Math Help - Integration by substitution

1. Integration by substitution

I'm having difficulty with solving this:

$\int_{0}^{\frac{\pi}{2}} \frac{cos\:t}{\sqrt{3+sin\:t}}\: dt$

I'd greatly appreciate any help!

2. Re: Integration by substitution

Originally Posted by maybealways
I'm having difficulty with solving this:

$\int_{0}^{\frac{\pi}{2}} \frac{cos\:t}{\sqrt{3+sin\:t}}\: dt$

I'd greatly appreciate any help!
Make the substitution $\displaystyle u = 3 + \sin{t} \implies du = \cos{t}\,dt$, and also $\displaystyle u(0) = 3$ and $\displaystyle u\left(\frac{\pi}{2}\right) = 4$ and the integral becomes

$\displaystyle \int_3^4{\frac{1}{\sqrt{u}}\,du} = \int_3^4{u^{-\frac{1}{2}}\,du}$.

Can you go from here?

3. Re: Integration by substitution

I'm still having difficulty with solving the rest of the equation ^^;;;

Also, why does $\displaystyle u\left(\frac{\pi}{2}\right)$?

4. Re: Integration by substitution

Like Prove it said the substitution $u=3+\sin(t) \Rightarrow du=\cos(t)dt$ is very useful here.
Because you have a definite integral you can change the integration limits by using the given substitution.
The original integration limits are in function of $t$ so the new one has to be in function of $u$ so:
$t=\frac{\pi}{2} \Rightarrow u=3+\sin\left(\frac{\pi}{2}\right)=3+1=4$
$t=0 \Rightarrow u=3+\sin(0)=3$
So the new integration limits (in function of $u$) are 3 and 4.

To solve the integral use the rule:
$\int_{a}^{b} x^{n} = \left[\frac{x^{n+1}}{n+1}\right]_{a}^{b}$ and $n\neq -1$

Note:
Changing the integration limits isn't necessary, you can also hold the original integration limits, but afterwards you have to do the back-substitution then.

5. Re: Integration by substitution

Originally Posted by maybealways
I'm still having difficulty with solving the rest of the equation ^^;;;

Also, why does $\displaystyle u\left(\frac{\pi}{2}\right)$?
You are making a substitution $\displaystyle u(t) = 3 + \sin{t}$, so the notation $\displaystyle u(0)$ means $\displaystyle u$ evaluated at $\displaystyle t = 0$, and similarly $\displaystyle u\left(\frac{\pi}{2}\right)$ means $\displaystyle u$ evaluated at $\displaystyle t = \frac{\pi}{2}$. As Siron said, by changing the terminals to $\displaystyle u$ values, you don't need to convert your integral back to a function of $\displaystyle t$ before substituting your terminals.

6. Re: Integration by substitution

^Oh!
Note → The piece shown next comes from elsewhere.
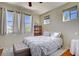 Bright bedroom featuring a queen bed, side tables, and large windows at 2325 Windmill Pkwy # 321, Henderson, NV 89074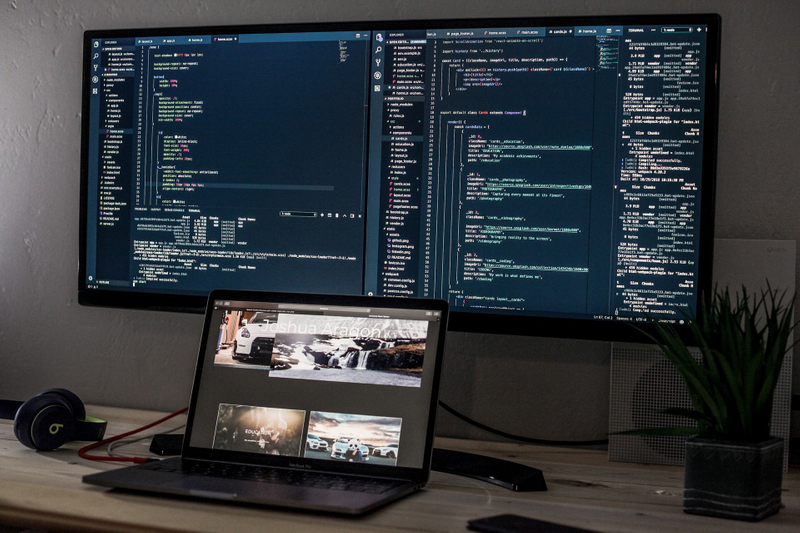 Laptop and large monitor with code on stop of a wooden desk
I see That makes sense (in regards to the the terminal part).

But, I'm still stuck after everything has been substituted :/ Do I equate both sides separately?

7. Re: Integration by substitution

Originally Posted by maybealways
^Oh! I see That makes sense (in regards to the the terminal part).

But, I'm still stuck after everything has been substituted :/ Do I equate both sides separately?
Equate both sides of what?

8. Re: Integration by substitution

This: $\int_3^4{\frac{1}{\sqrt{u}}\,du} = \int_3^4{u^{-\frac{1}{2}}\,du}$

9. Re: Integration by substitution

Originally Posted by maybealways
This: $\int_3^4{\frac{1}{\sqrt{u}}\,du} = \int_3^4{u^{-\frac{1}{2}}\,du}$
They're two steps of the integration, not an "equation" to solve. Now you need to actually perform the integration using the rule given by Siron in post #4.